力強い結果だった。米連邦準備理事会(FRB)が金利変更を当面は棚上げしたいと考えれば、可能なことを示している。製造業部門で見られていた状況は、米経済がリセッション(景気後退)に向かっていることを示していたわけではないことが示唆された。

製造業指数は景気拡大を示す水準を辛うじて上回るところまで低下しているとの懸念が出ていた。このため、製造業部門の雇用者数が1万7000人増加したことは、製造業部門に関する警告と受け止められていたものがそれほど強いものではなかったことを示している。

●底堅い内容、FRB様子見継続の根拠に

<テミス・トレーディングの株式トレーダー、マーク・ケプナー氏>

時間当たり平均賃金の前年同月比3.1%の伸びは底堅く、インフレ高進を招くペースではない。

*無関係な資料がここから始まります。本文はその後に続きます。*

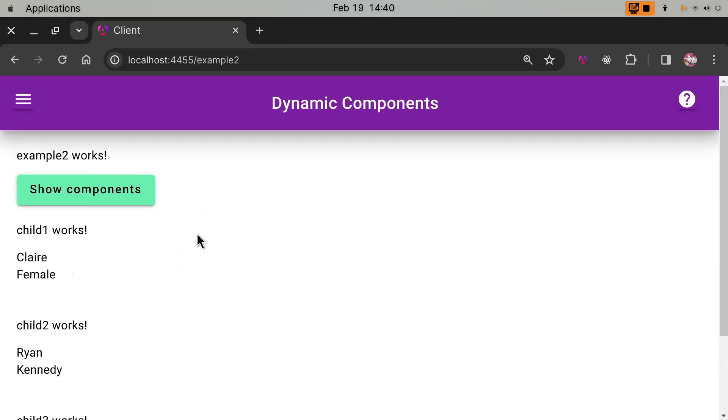So that's how to render dynamic components in Angular. Thank you. By the way, feel free to check out the GitHub code.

米中通商協議が再開したこともあり、今回の底堅い統計を受け、他に目立った景気減速の兆候が確認されなければ、米連邦準備理事会(FRB)が今月の会合で動く確固とした根拠は存在しない可能性がある。

●米利下げ路線に変更なし、FRBは他の中銀に追随

<B・ライリーFBR(フロリダ州)のマネジングディレクター兼首席グローバルストラテジスト、マーク・グラント氏>

かなり良好な結果だった。非農業部門雇用者数が22万4000人増と、予想の16万人増を上回ったほか、賃金は前年比で3.1%伸びた。これは経済が成長していることを示している。

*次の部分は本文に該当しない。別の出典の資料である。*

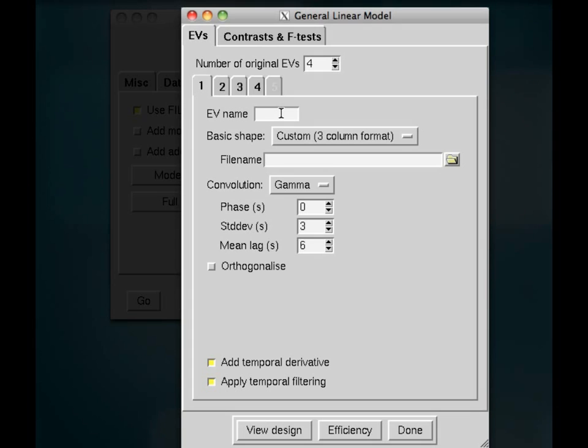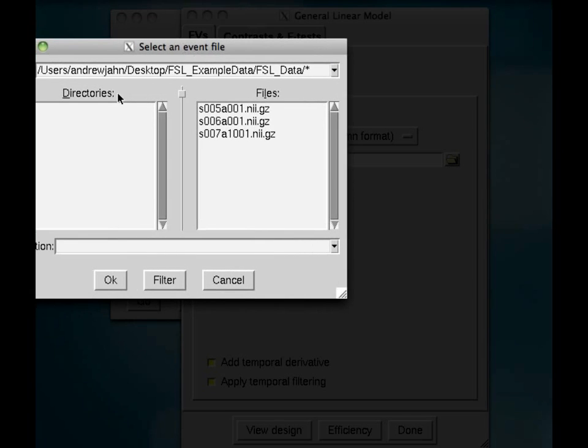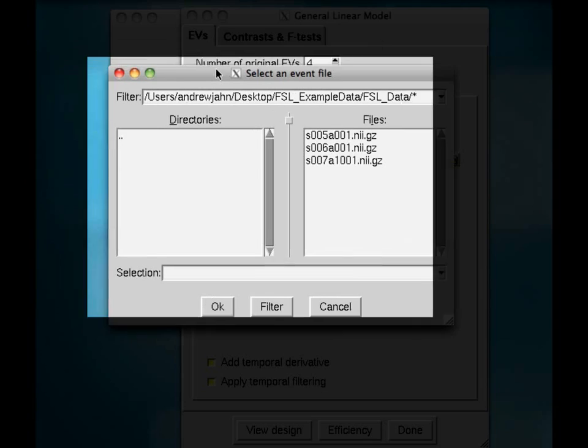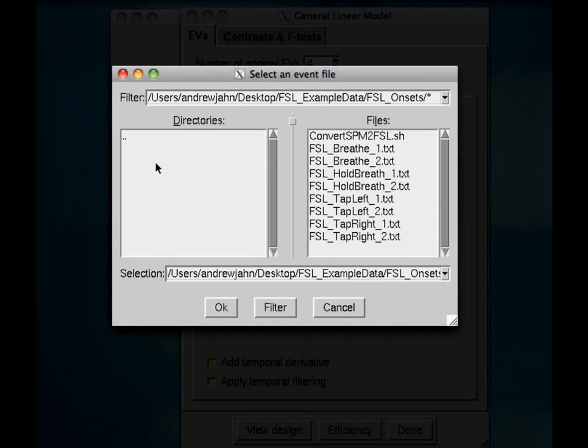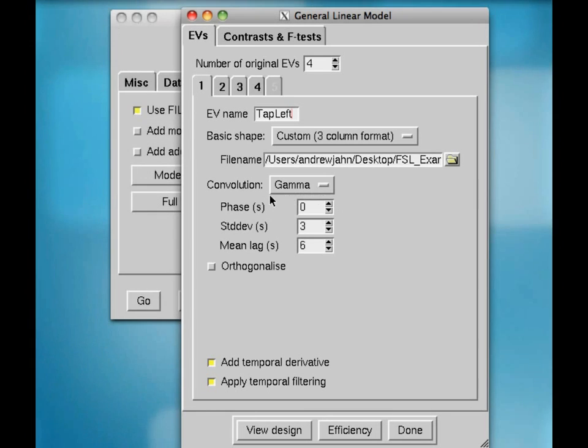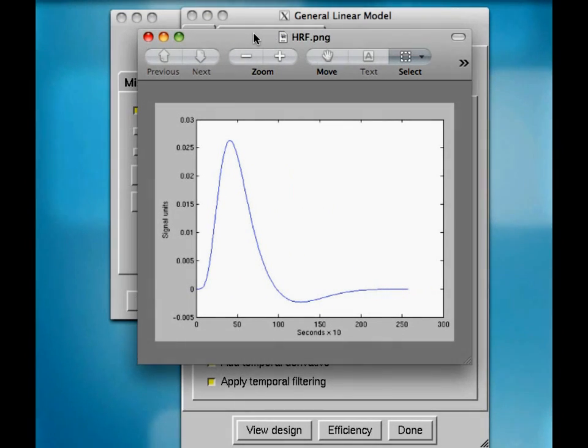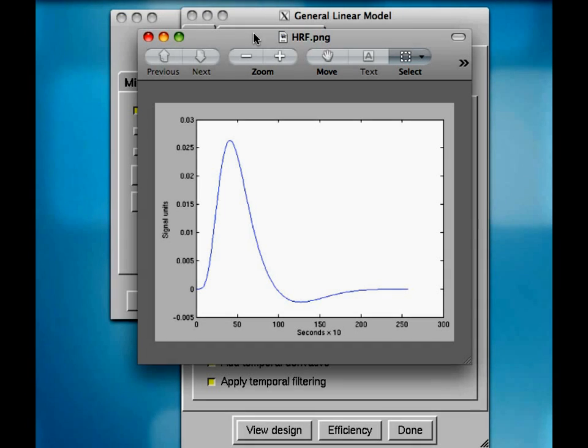So, I'm going to go ahead here, and this first EV is going to be called tap left. And for the file name, go into FSL underscore onsets and FSL underscore tap left underscore one. And we're going to be convolving it with a gamma. So, in other words, this is what a gamma function looks like.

米国の雇用は105カ月連続で増加し、過去の最長記録を大幅に上回っている。こうした中、一部では米連邦準備理事会(FRB)の利下げに向けた動きが阻まれるとの見方も出ているが、これには賛同しない。

FRBは米国の経済や政治的な圧力ではなく、世界の他の中央銀行の動きに押されている。

世界的に利回りがマイナス圏に落ち込んでいる債券は最近になり約1兆2000億ドル増加し、総額は歴史上初めて13兆ドルを超えた。国債だけではない。発行済みの投資適格級の債券の約25%の利回りが今やマイナス圏にある。